1 Eylül tarihinden bu yana zatürre ve diğer bazı enfeksiyonlar sebebiyle Bodrum’da tedavi gören Filiz Akın acil ihtiyaç üzerine, Cumhurbaşkanlığı’nın yönlendirmesi ile Sağlık Bakanlığı’na ait bir ambulans uçakla 13 Ocak Pazartesi gecesi İstanbul’a nakledilmişti. Tedavisi istanbulda devam ediyordu.
FİLİZ AKIN KİMDİR?
2 Ocak 1943'te Ankara'da dünyaya gelen Filiz Akın, gerçek adıyla Suna Akın, Türk sinemasının önemli figürlerinden birisi olarak hafızalarda yer etmiştir. Eğitimini Ankara Koleji ve Dil Tarih Coğrafya Fakültesi'nde tamamlayan Akın, 1962 yılında katıldığı Artist yarışmasını kazanarak sinemaya adım attı. İlk filmi Akasyalar Açarken ile büyük bir çıkış yakalayarak dikkatleri üzerine çekti. 1960'ların sonlarından 1970'lere kadar, Yeşilçam dönemi sinemasının en gözde kadın oyuncularından biri haline geldi.

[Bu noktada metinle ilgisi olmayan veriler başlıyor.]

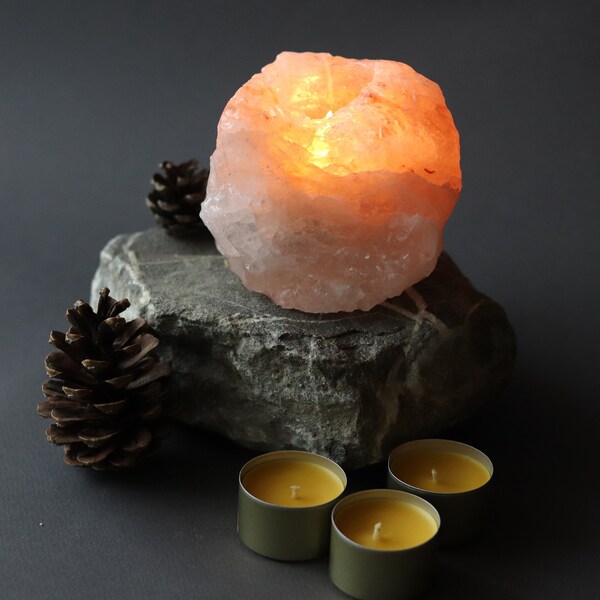 Himalayan Salt Lamp Tea Light Holder Etsy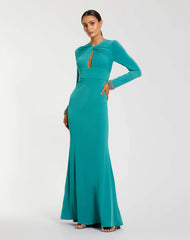 Teal Long Sleeve Twist Neck Jersey Gown With Embellished Cuffs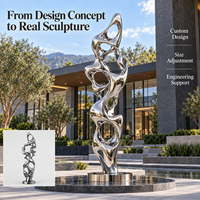Sculpture abstraite en acier inoxydable doré, art moderne personnalisé, finition miroir, décoration durable pour entrée d'hôtel, place publique, aménagement paysager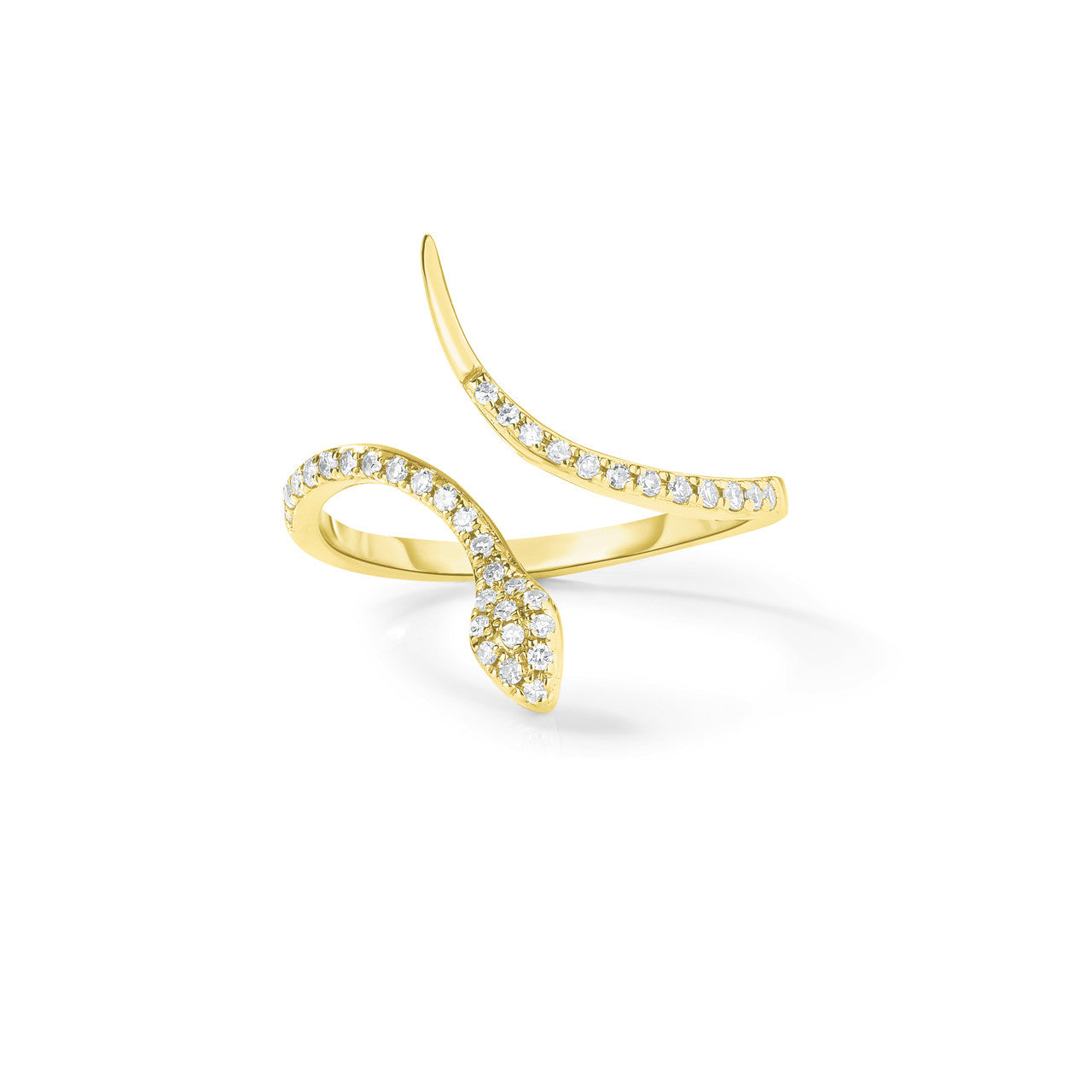 Delicate Diamond Snake Ring, 14k yellow gold - URBAETIS Fine Jewelry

Zarif duruşu, modern görünüşü ve entelektüel kimliği ile “sarı saçlı kadın” imajını sinemaya kazandırdı. Tarık Akan, Cüneyt Arkın, Kadir İnanır ve Ediz Hun gibi dönemin ünlü aktörleriyle başrol paylaştı. Ankara Ekspresi, Utanç, Tatlı Dillim, Yalancı Yarim, Dağlar Dağlar, Kader Bağlayınca ve İstanbul Tatili gibi pek çok unutulmaz filmde rol alarak sinemaseverlerin gönlünde taht kurdu. 1970 yılında, Ankara Ekspresi filmindeki performansıyla Antalya Altın Portakal Film Festivali'nde En İyi Kadın Oyuncu ödülünü kazandı.
Yeşilçam'ın "dört yapraklı yoncası" olarak anılan Filiz Akın, Türkan Şoray, Hülya Koçyiğit ve Fatma Girik ile birlikte dönemin en güçlü kadın simgelerinden biri oldu. Sinemadan sonra televizyon programları sundu, gazete yazıları yazdı ve kişisel deneyimlerini anlattığı kitaplar yayımladı. Paris ve İsviçre'de geçirdiği yıllarda Avrupa kültürüyle olan ilişkisi, kamusal kimliğini daha da derinleştirdi.
2000'li yıllarda kanserle mücadele eden Akın, uzun bir tedavi sürecinin ardından hastalığı yenerek topluma moral kaynağı oldu. Bu süreç, onun yalnızca bir sinema yıldızı değil, aynı zamanda zarafeti, duruşu ve kültürel katkılarıyla Türkiye'nin hafızasında iz bırakan güçlü bir kadın olarak hatırlanmasını sağladı.